Production Adapters

This chapter covers adapters added beyond the core set, filling production gaps in caching, discovery, streaming, storage, distributed execution, and event-driven triggers.

All adapters follow stygian's hexagonal architecture: each implements a port trait and optionally ScrapingService for pipeline integration. Most are feature-gated to keep the default build minimal.

Feature Flags

Feature flag	Crate dependency	Adapters enabled
`redis`	`redis`, `deadpool-redis`	Redis/Valkey cache, Redis Streams work queue
`object-storage`	`rust-s3`	S3-compatible object storage
`api`	`axum`, `hmac`, `sha2`	Webhook trigger (HTTP listener)
`full`	all of the above	Everything

Enable features in your Cargo.toml:

[dependencies]
stygian-graph = { version = "*", features = ["redis", "object-storage", "api"] }
# or enable everything:
stygian-graph = { version = "*", features = ["full"] }

Redis/Valkey Cache

Port: CachePort Module: adapters::cache_redis Feature: redis Service name: "cache-redis"

Production-grade distributed cache backed by Redis or Valkey. Uses connection pooling via deadpool-redis for high-concurrency access.

graph LR
    A[Pipeline Node] -->|get/set| B[CachePort]
    B --> C[RedisCache Adapter]
    C --> D[(Redis / Valkey)]

Configuration

Parameter	Type	Default	Description
`url`	`String`	`"redis://127.0.0.1:6379"`	Redis connection URL
`key_prefix`	`Option<String>`	`None`	Key namespace prefix for isolation
`pool_size`	`usize`	`8`	Connection pool size
`default_ttl`	`Option<Duration>`	`None`	Default TTL when `set()` receives `ttl = None`

Operations

get(key) → Fetch a cached value by key (with namespace prefix)
set(key, value, ttl) → Store a value with TTL (uses SETEX)
invalidate(key) → Delete a cached entry
exists(key) → Check key existence without fetching the value

Usage in pipeline TOML

[[services]]
name = "cache"
kind = "cache-redis"

[services.config]
url        = "redis://127.0.0.1:6379"
key_prefix = "myapp:cache"

[[nodes]]
name    = "fetch"
service = "http"
cache   = "cache"

[nodes.cache_config]
ttl_secs = 3600

Sitemap / Sitemap Index Source

Port: ScrapingService Module: adapters::sitemap Feature: always available (no feature gate) Service name: "sitemap"
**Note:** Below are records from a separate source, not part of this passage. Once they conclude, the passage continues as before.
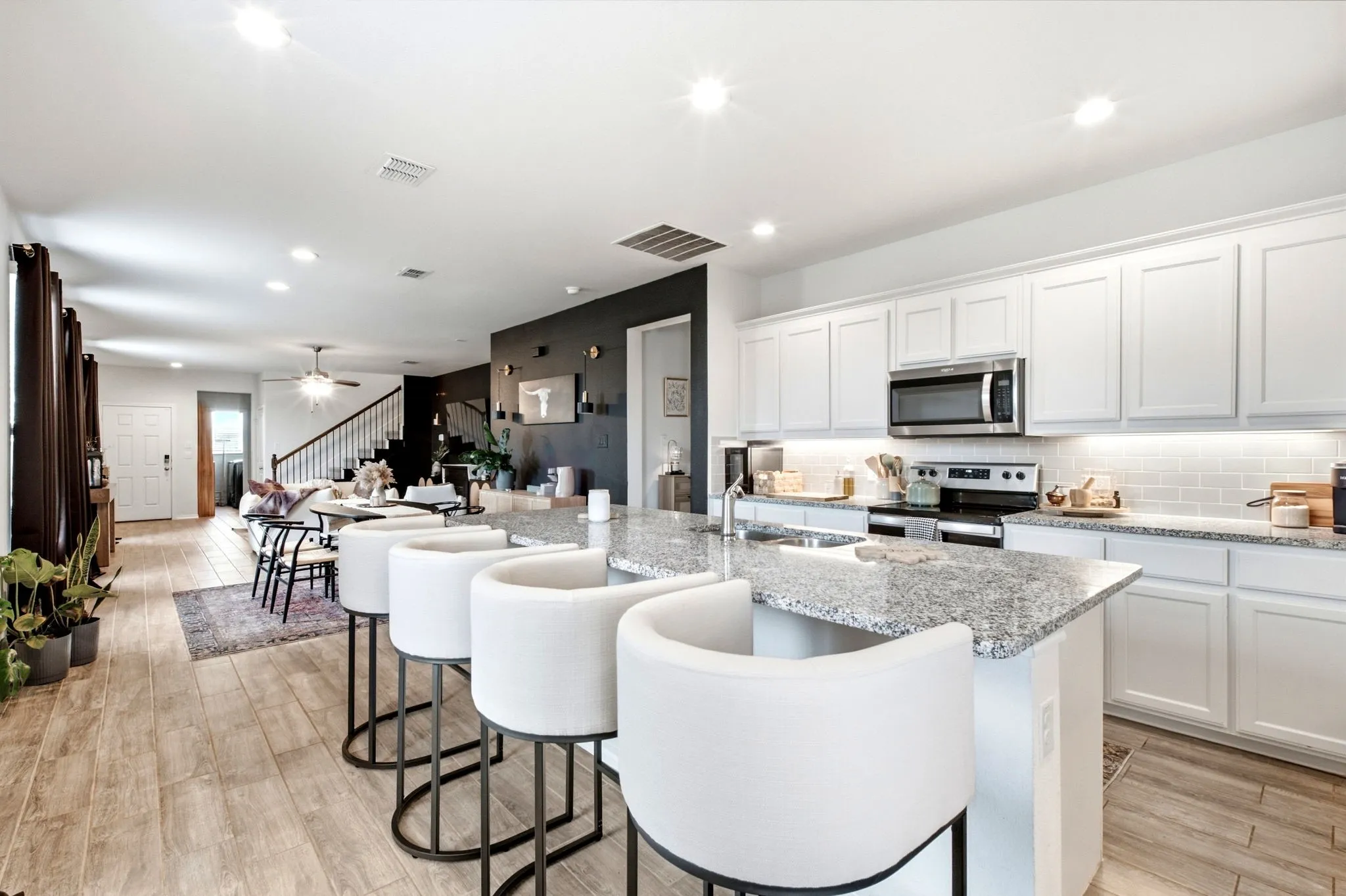 Single Family Residence For Sale in Denton County , 900 Crockett Street, Aubrey, Texas 76227, 5 Bedroom, 3 Bathroom, 2 Garage spaces, 2,552 Sqft, built in 2023, mls#21397053, Real Estate Agent in Aubrey, Homes For Sale in Denton county, Homes For Sale in Aubrey, Realtor in Aubrey Texas, Real Estate Brokerage Independent Realty Texas, Luminita Cordes Realtor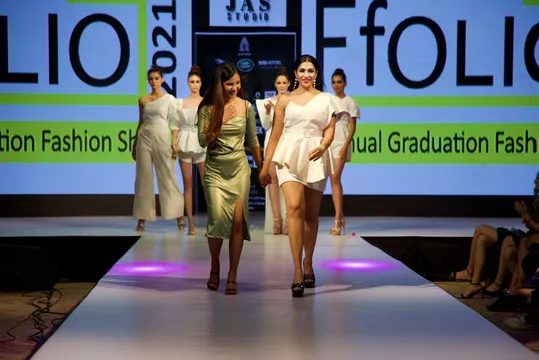 अभिनेत्री इति आचार्य ने बैंगलोर में आयोजित KGFW 2021 में सेलिब्रिटी शो स्टॉपर के रूप में किया रैंप वॉक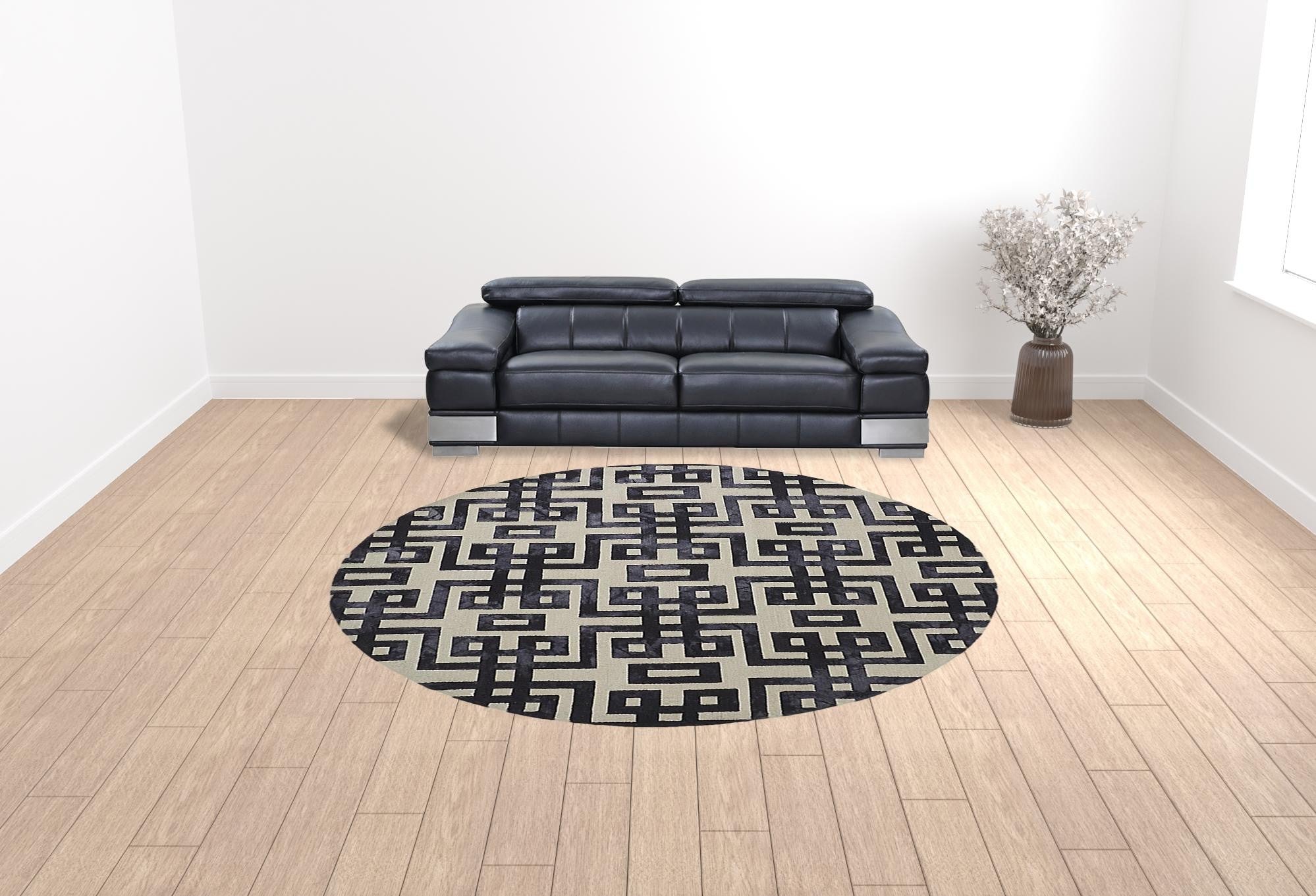 10' Ivory And Black Round Wool Geometric Rug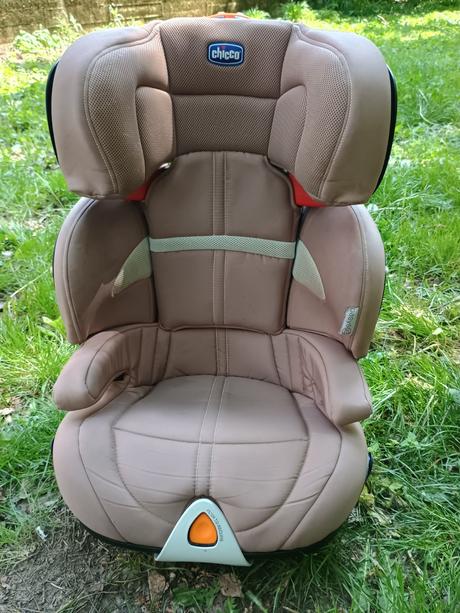 Chicco autosedačka oasys 2-3 na  15-36kg, chicco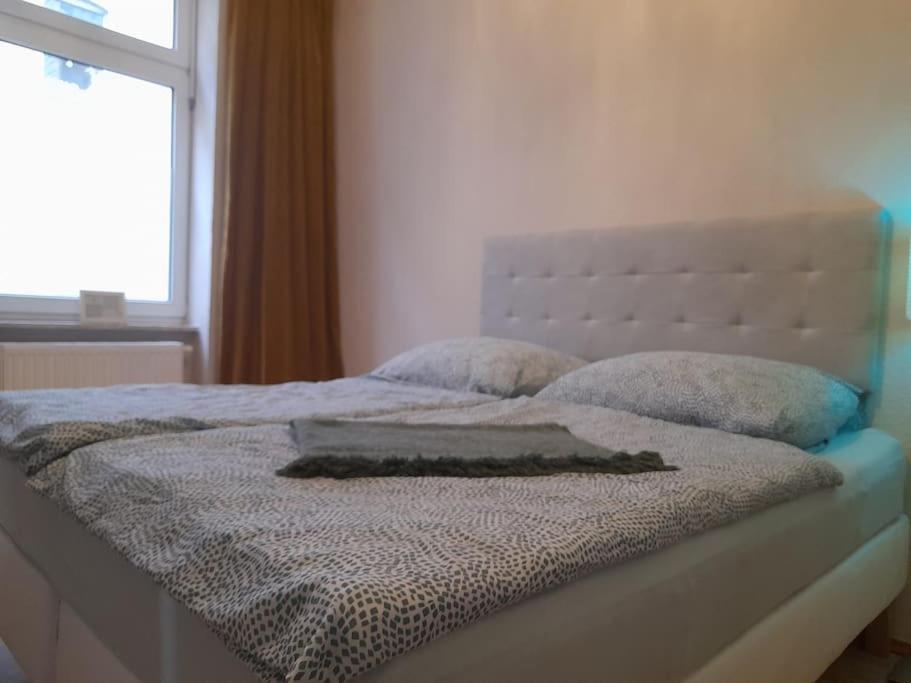 Zwei-Zimmer Wohnung In Wiesbadens Westend Luaran gambar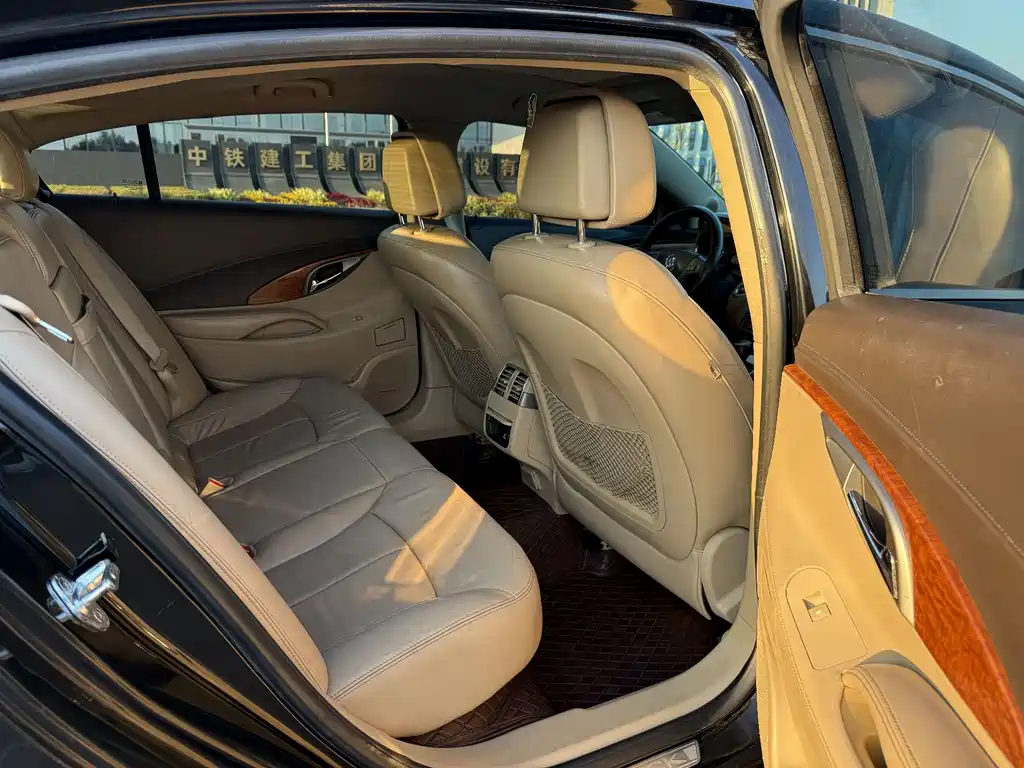 Buick LaCrosse — миниатюра 8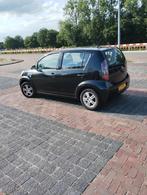 Daihatsu Sirion 1.0 51KW 2008 Zwart, Auto's, Daihatsu, Voorwielaandrijving, Stof, Zwart, Handgeschakeld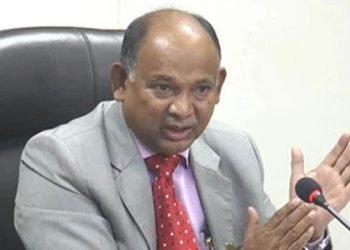 আত্নীয়দের বিনা টিকিটে এসি বগিতে ভ্রমণ: তদন্তের স্বার্থে রেল মন্ত্রীকে পদত্যাগের আহবান টিআইবির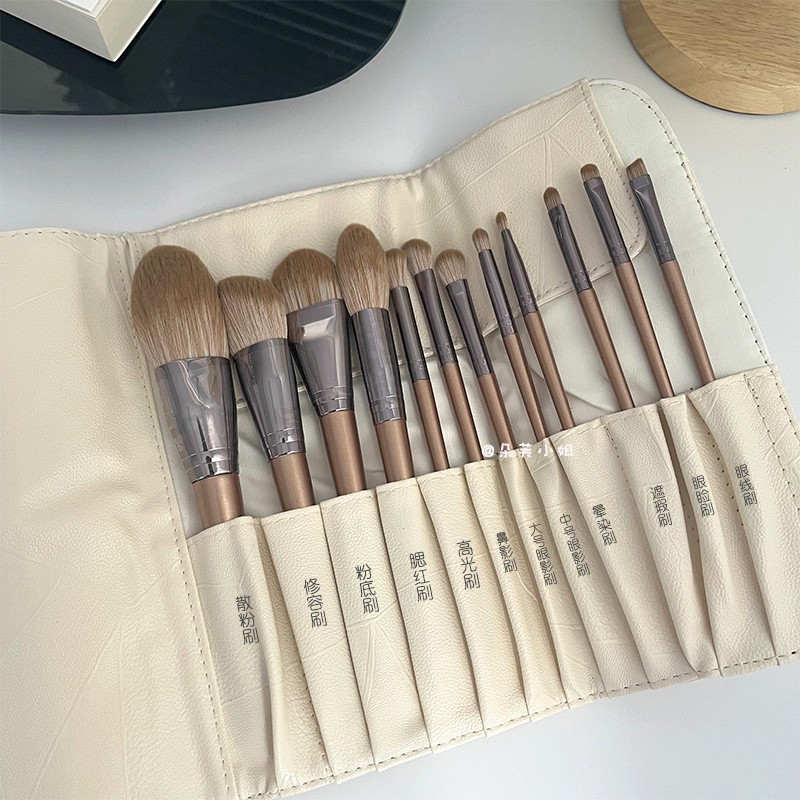 (Fugitive small Bear) Makeup brush suit portable eye shadow powder blush brushed soft hair full set of 12-Taobao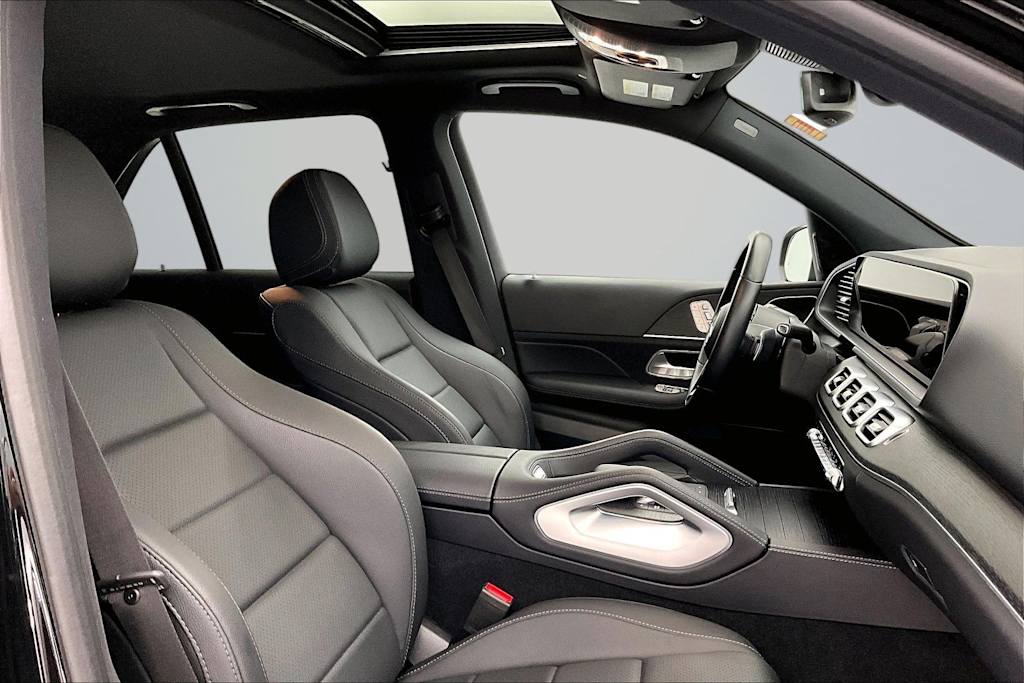 Thumbnail: 2025 Mercedes-Benz GLE - 11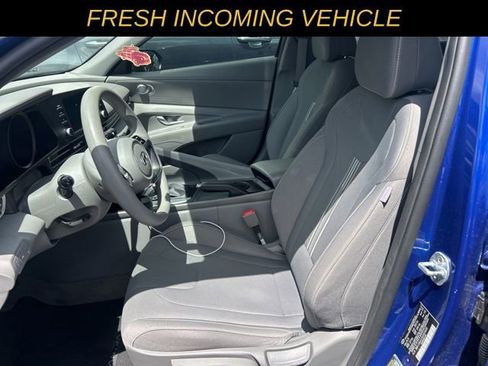 Used 2021 Hyundai Elantra SEL w/ Preferred Accessory Package image 5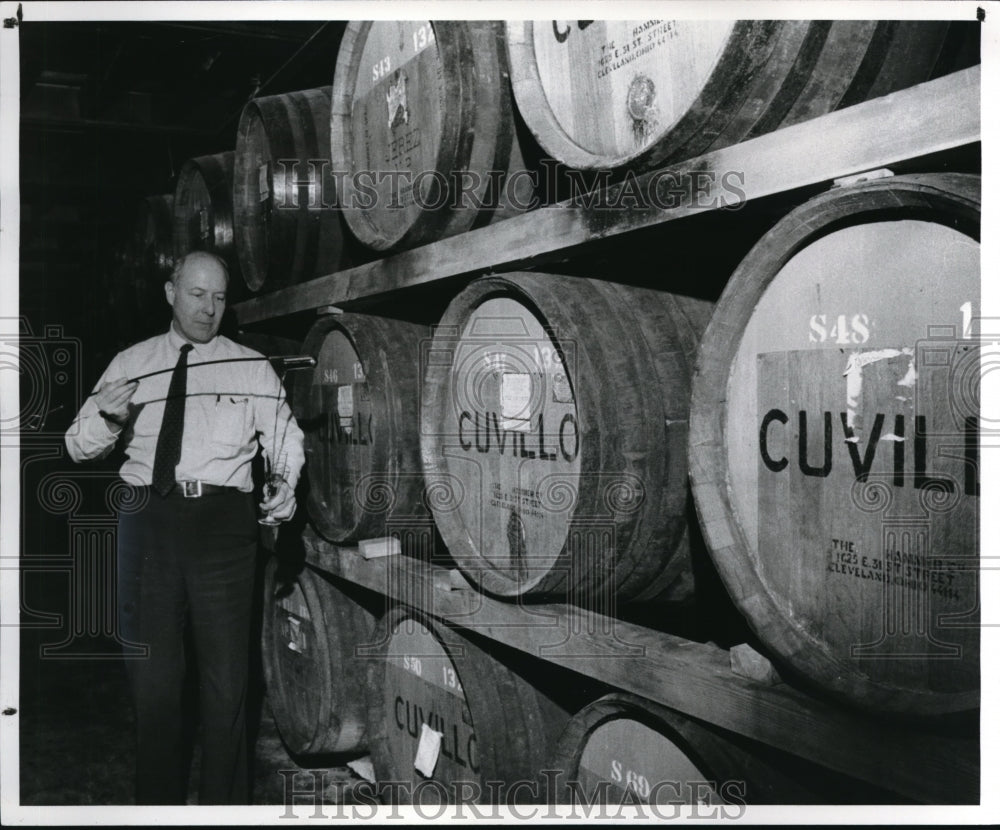 1982 Press Photo George Hammer with his wines - Historic Images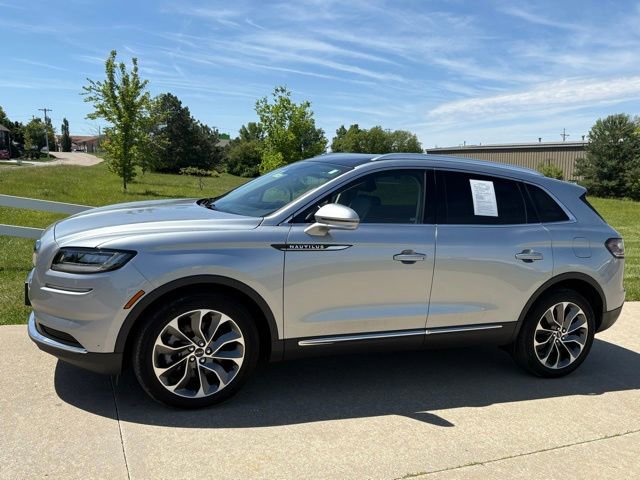 Used 2022 Lincoln Nautilus Reserve AWD/4WD video 1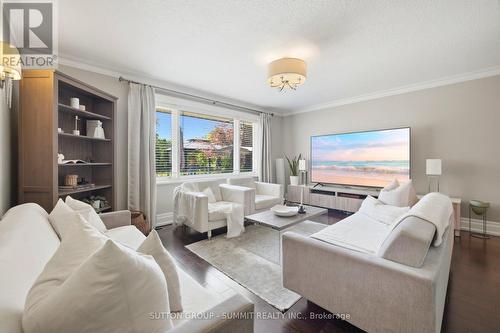 14 Plainsman Road, Mississauga, ON 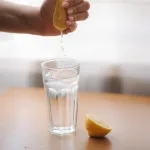 Zašto je čaša vode s limunom idealan početak dana: Probava, koža i srce na prvom mjestu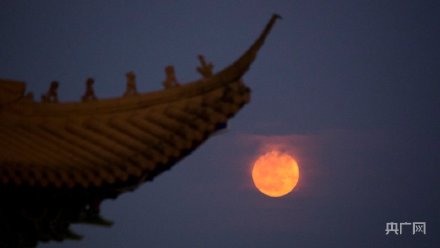 超级月亮现身天穹
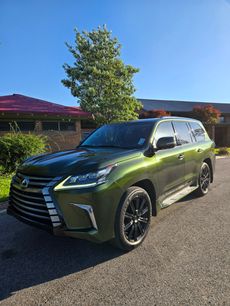 Used 2018 Lexus LX 570 4WD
Parses XML sitemaps (<urlset>) and sitemap index files (<sitemapindex>), emitting discovered URLs as structured JSON for downstream pipeline nodes.

graph LR
    A[sitemap.xml] -->|parse| B[SitemapAdapter]
    B -->|URL list| C[Pipeline Fan-out]
    D[sitemap.xml.gz] -->|decompress + parse| B

Features

Parses both <urlset> and <sitemapindex> root elements
Recursive resolution of sitemap index entries
Transparent decompression of .xml.gz sitemaps (via flate2)
Extracts <loc>, <lastmod>, <changefreq>, <priority> per URL
Date-range filtering via lastmod_after parameter

`ServiceInput.params`

Parameter	Type	Default	Description
`lastmod_after`	`String` (ISO 8601)	none	Only include URLs modified after this date
`max_depth`	`usize`	`3`	Max recursion depth for sitemap index

Output format

{
  "data": [
    {
      "loc": "https://example.com/page",
      "lastmod": "2025-06-01",
      "changefreq": "weekly",
      "priority": 0.8
    }
  ],
  "metadata": {
    "source": "sitemap",
    "url_count": 42,
    "format": "urlset"
  }
}

RSS / Atom Feed Source

Port: ScrapingService Module: adapters::rss_feed Feature: always available (no feature gate) Service name: "rss-feed"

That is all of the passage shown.